By Heidi Emberling, MA, Director, Parents Place—Center for Children and Youth
It begins when I open my eyes in the morning. A slight heaviness settles on my chest, keeping me under the covers for a few more minutes. It takes effort, but I get up and stagger through my morning routine as if it were a normal day. I make a hot cup of coffee and the warm liquid offers a temporary reprieve. But the heaviness stays with me, like a fog obscuring my next move. My teens are still asleep, depleted from the disruption of their daily routines, and enduring a social isolation that leaves them weary and despondent. My husband will attempt to ensure regular meals and withdraw into his online habitat, seeking elusive productivity.

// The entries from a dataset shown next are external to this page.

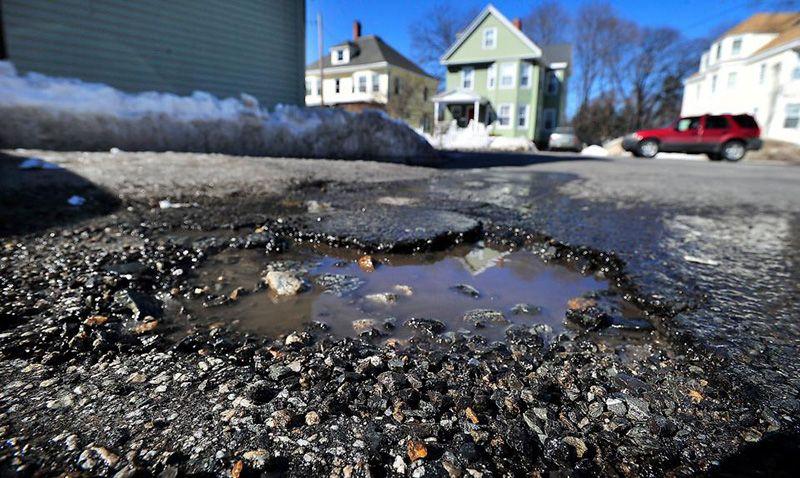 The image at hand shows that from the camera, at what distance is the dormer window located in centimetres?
3665

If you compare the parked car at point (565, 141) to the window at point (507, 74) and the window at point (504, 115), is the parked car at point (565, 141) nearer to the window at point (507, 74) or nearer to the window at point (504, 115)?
the window at point (504, 115)

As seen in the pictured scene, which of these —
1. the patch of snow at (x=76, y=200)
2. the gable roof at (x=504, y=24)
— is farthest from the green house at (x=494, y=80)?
the patch of snow at (x=76, y=200)

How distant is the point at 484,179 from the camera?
729cm

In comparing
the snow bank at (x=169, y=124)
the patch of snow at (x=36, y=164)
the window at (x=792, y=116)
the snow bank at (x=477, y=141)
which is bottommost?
the patch of snow at (x=36, y=164)

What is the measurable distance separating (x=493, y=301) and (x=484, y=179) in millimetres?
5492

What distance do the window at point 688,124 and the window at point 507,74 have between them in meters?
13.7

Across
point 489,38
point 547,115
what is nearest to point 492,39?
point 489,38

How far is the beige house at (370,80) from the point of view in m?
35.2

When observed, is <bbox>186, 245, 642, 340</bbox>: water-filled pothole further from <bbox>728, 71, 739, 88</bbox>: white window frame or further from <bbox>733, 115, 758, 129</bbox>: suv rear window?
<bbox>728, 71, 739, 88</bbox>: white window frame

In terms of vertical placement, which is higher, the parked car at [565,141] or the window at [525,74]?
the window at [525,74]

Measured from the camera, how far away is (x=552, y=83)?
33781 mm

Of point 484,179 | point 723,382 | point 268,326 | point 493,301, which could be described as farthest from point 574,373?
point 484,179

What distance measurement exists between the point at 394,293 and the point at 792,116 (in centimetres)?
3283

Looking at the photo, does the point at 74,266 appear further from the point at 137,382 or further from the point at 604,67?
the point at 604,67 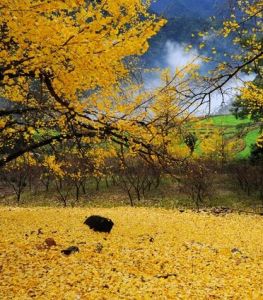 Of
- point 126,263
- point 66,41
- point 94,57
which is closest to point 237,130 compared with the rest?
point 126,263

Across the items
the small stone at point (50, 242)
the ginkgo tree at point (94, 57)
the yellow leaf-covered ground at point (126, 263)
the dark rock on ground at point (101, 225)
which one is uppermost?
the ginkgo tree at point (94, 57)

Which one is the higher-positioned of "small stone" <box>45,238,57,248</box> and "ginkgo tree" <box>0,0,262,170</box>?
"ginkgo tree" <box>0,0,262,170</box>

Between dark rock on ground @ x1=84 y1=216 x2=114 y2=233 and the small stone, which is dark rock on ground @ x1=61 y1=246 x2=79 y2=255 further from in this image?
dark rock on ground @ x1=84 y1=216 x2=114 y2=233

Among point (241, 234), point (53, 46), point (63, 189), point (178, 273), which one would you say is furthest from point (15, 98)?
point (63, 189)

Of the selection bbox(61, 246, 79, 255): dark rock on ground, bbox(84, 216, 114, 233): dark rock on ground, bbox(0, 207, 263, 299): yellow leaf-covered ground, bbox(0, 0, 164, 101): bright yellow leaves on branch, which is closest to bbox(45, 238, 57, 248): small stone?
bbox(0, 207, 263, 299): yellow leaf-covered ground

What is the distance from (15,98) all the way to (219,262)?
24.1 ft

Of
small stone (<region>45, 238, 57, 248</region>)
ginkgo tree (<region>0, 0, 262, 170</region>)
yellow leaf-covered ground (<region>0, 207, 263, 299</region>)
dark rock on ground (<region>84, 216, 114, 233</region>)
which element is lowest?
yellow leaf-covered ground (<region>0, 207, 263, 299</region>)

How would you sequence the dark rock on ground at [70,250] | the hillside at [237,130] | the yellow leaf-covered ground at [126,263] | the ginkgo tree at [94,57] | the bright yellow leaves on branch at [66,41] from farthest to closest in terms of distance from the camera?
1. the hillside at [237,130]
2. the dark rock on ground at [70,250]
3. the yellow leaf-covered ground at [126,263]
4. the bright yellow leaves on branch at [66,41]
5. the ginkgo tree at [94,57]

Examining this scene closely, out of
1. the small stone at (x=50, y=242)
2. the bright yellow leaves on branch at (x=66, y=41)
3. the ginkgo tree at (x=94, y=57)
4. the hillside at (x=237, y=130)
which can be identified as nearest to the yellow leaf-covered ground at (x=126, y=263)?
the small stone at (x=50, y=242)

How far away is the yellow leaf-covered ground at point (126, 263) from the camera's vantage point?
9375 millimetres

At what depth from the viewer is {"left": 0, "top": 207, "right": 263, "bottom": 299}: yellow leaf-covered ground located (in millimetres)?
9375

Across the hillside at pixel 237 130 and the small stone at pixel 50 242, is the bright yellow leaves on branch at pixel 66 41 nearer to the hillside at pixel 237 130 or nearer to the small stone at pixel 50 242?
the hillside at pixel 237 130

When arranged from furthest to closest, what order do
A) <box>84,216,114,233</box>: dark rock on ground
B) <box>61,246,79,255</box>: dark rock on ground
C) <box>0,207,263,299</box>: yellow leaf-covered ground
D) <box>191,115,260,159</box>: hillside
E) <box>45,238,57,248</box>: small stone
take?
<box>84,216,114,233</box>: dark rock on ground → <box>191,115,260,159</box>: hillside → <box>45,238,57,248</box>: small stone → <box>61,246,79,255</box>: dark rock on ground → <box>0,207,263,299</box>: yellow leaf-covered ground

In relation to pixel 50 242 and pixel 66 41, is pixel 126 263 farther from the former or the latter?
pixel 66 41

I step outside into a perfect, blue-sky day that is disorienting and oddly out of alignment with the times. It should be overcast and raining, to match my melancholy mood. Driving to work, I see eerily empty streets; a reminder of the real threat that consumes us. I turn on my computer and close my eyes. My stress is not special; though it is uniquely mine. I breathe, releasing it temporarily. To my online clients, I am a lifeline, a connection, a source of strength for intense parent-child conflicts, made worse with unremitting tension and anxiety. To be present, to be useful, to be supportive to others allows me to fight off the dread and worry that persistently creep into the interstitial moments of my day.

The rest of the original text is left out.